Geoff Grogan’s Jetpack Jr for the 5th of October draws a hypercube as the box little alien Jetpack Junior arrived in. Well, these are some of the common representations of how a four-dimensional cube would look in our three-dimensional space (and that, rendered on a two-dimensional screen). The difficult-to-conceptualize part is that in the cube, seen in the middle third of the strip, every one of the red lines is the same length, and is perpendicular to all its neighbors. The triptych of shapes are all the same four-dimensional cube, too, just rotated along different axes by different amounts.
All my old links to play with hypercube rotations seem to have expired or turn out to be Java applets. Here’s a page that offers a couple of pictures, though. It has a link to an iOS app that should let people play with rotating a four-dimensional hypercube. Might enjoy it. I think this is the first time Jetpack Jr as such has got around here. It used to run as Plastic Babyheads from Outer Space, with a silly overarching story about aliens with plastic baby heads, ah, invading. I don’t think that made the Reading the Comics roster, though, unless some of the aliens mentioned pi, which they might have done.
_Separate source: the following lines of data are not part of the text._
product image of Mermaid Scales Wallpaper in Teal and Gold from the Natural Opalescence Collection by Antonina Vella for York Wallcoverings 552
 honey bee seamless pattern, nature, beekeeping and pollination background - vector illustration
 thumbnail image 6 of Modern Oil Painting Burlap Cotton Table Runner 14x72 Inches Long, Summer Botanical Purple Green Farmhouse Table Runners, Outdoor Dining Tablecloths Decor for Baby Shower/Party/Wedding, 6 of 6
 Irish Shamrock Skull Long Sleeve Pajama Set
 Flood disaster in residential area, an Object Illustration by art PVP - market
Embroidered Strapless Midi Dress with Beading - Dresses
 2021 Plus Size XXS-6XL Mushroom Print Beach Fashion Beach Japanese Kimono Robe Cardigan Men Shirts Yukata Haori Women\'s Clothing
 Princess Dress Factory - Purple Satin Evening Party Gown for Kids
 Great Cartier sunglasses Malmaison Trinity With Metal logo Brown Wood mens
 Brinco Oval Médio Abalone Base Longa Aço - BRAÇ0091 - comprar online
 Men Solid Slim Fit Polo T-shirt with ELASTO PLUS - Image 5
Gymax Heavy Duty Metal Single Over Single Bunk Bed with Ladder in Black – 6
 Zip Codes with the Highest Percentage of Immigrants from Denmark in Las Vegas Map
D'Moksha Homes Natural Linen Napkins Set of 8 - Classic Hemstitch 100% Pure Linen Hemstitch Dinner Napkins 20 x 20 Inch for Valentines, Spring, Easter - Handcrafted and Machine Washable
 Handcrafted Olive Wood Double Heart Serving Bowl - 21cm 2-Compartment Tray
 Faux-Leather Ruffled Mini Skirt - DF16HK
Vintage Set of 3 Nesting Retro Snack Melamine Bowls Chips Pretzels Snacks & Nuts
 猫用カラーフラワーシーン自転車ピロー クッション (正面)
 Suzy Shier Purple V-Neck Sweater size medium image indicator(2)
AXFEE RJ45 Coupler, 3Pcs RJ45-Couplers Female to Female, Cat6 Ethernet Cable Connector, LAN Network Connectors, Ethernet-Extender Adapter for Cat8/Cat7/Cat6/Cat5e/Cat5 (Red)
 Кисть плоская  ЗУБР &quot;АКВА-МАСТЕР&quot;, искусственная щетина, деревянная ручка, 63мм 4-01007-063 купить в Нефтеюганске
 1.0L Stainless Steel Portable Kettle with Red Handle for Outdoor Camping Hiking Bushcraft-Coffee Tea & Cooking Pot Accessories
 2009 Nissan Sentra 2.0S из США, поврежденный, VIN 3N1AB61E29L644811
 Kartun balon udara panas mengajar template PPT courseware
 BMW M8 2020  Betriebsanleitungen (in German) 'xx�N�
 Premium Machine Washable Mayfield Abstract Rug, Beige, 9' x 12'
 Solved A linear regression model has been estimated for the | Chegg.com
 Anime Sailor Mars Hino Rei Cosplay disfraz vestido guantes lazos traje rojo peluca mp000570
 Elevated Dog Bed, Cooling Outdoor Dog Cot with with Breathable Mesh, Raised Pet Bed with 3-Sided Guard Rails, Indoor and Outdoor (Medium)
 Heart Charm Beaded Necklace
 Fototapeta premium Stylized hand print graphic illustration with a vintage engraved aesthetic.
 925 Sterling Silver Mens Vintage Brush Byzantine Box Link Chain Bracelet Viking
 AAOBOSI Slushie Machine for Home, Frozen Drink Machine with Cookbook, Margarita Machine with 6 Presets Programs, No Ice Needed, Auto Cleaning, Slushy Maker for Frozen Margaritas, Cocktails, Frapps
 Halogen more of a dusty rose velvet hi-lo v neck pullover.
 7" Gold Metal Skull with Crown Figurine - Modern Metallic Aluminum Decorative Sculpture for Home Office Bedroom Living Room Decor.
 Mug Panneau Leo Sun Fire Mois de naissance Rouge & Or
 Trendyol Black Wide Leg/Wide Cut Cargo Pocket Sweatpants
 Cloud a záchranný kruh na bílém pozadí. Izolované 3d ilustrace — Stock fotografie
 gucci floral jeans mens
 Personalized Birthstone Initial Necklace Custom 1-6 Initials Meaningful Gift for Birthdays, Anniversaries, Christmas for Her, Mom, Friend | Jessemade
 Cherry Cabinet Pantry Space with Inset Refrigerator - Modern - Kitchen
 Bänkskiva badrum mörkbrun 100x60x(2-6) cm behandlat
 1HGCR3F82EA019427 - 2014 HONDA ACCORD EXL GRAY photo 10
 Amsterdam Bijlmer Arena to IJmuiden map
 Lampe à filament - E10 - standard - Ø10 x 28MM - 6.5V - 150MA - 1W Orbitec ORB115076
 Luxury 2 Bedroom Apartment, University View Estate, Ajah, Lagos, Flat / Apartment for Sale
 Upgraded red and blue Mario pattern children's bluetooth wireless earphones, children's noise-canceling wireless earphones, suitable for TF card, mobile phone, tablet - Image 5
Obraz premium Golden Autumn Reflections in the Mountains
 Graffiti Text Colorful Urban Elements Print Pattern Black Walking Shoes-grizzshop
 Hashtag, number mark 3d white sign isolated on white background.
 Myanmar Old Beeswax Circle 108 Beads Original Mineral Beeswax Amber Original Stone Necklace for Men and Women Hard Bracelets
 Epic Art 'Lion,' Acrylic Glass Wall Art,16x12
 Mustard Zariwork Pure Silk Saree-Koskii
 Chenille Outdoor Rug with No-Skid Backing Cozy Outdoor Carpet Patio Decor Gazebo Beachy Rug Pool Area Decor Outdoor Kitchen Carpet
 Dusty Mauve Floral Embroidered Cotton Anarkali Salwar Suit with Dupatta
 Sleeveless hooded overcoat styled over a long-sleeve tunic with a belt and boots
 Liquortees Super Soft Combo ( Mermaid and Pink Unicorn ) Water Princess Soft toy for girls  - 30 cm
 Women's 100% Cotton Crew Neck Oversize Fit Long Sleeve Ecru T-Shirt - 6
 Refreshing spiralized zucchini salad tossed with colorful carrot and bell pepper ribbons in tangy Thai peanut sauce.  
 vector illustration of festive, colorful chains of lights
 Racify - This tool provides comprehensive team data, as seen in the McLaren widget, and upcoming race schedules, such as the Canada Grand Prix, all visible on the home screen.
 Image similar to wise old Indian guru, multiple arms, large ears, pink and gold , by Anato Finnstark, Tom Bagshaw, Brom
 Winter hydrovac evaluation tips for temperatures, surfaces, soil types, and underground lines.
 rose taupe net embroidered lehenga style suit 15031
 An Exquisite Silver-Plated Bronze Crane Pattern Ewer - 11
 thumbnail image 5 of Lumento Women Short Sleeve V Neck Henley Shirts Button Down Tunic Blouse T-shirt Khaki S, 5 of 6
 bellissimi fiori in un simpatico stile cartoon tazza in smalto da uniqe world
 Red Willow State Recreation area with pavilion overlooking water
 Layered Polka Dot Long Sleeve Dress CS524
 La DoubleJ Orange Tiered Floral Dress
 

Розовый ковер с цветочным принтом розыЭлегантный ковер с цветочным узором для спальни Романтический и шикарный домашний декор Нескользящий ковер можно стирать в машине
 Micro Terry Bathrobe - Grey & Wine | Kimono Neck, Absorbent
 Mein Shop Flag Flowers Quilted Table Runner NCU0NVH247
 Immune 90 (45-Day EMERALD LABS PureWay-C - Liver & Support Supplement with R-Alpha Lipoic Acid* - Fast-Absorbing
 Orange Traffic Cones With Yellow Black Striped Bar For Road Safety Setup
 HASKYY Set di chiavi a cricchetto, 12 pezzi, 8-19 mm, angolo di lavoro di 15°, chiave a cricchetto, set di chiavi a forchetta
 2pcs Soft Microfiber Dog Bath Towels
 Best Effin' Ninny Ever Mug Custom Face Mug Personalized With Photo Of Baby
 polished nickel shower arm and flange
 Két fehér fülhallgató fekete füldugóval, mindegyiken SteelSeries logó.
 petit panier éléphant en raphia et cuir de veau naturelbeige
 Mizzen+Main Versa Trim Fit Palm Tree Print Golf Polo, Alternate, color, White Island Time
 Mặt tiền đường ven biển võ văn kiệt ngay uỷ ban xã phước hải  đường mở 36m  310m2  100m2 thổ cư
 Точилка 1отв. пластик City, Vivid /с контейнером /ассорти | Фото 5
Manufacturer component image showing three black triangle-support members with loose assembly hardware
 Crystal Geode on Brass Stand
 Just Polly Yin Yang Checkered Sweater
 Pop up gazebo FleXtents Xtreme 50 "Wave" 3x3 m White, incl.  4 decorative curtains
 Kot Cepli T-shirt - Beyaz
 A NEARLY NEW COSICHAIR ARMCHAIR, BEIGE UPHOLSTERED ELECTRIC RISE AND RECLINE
Charles Brubaker’s Ask A Cat for the 5th of October I think is another debuting strip around here. It’s about the problem of Schrödinger’s Cat, a thought-experiment designed to show we don’t really understand what the conventional mathematical models of quantum mechanics mean. In at least some views, the mathematics of quantum mechanics suggests we could have an apparently ridiculous result: something big, like a cat, that we expect should work like a classical-physics entity, behaving instead like a quantum-mechanical entity, with no definable state. The problem has been with us for eighty years and isn’t well-answered, but that happens. Zeno’s paradoxes have been with us three thousand years and are still showing us things we don’t quite understand about divisibility and continuity.
Anthony Smith’s Learn to Speak Cat for the 5th of October is a completely different cat comic strip that I think is making a debut here. This is more a matter of silly symbolic manipulation than anything serious, though.
Tom Toles’s Randolph Itch, 2 am from the 5th of October is a rerun from 1999. And it shows a soap-bubble cube. Soap bubbles allow for some neat mathematics. They act like animate computers working out the way to enclose a given volume with the least surface area. A web site written by Dr Michael Hutchings at the University of California/Berkeley describes some of the mathematical work involved. Surprising to me is that it was only in the 1970s that the “double bubble conjecture” was proven. That’s a question about how to cover a given volume using two bubbles. The answer is what you might get from playing with soap bubble wands, but it took about a century of working on to prove. Granting, mathematicians did other things with their time, so it wasn’t uninterrupted soap-bubble work. Hutchings includes some review of the field as it existed in the early 2000s, and lists three open problems. The first of them is one that’s understandable even without knowing more mathematical lingo than what R3 is. (And folks who’re hanging around here know that by now.) Also it has pictures of soap bubbles, which are good for a lazy Friday morning.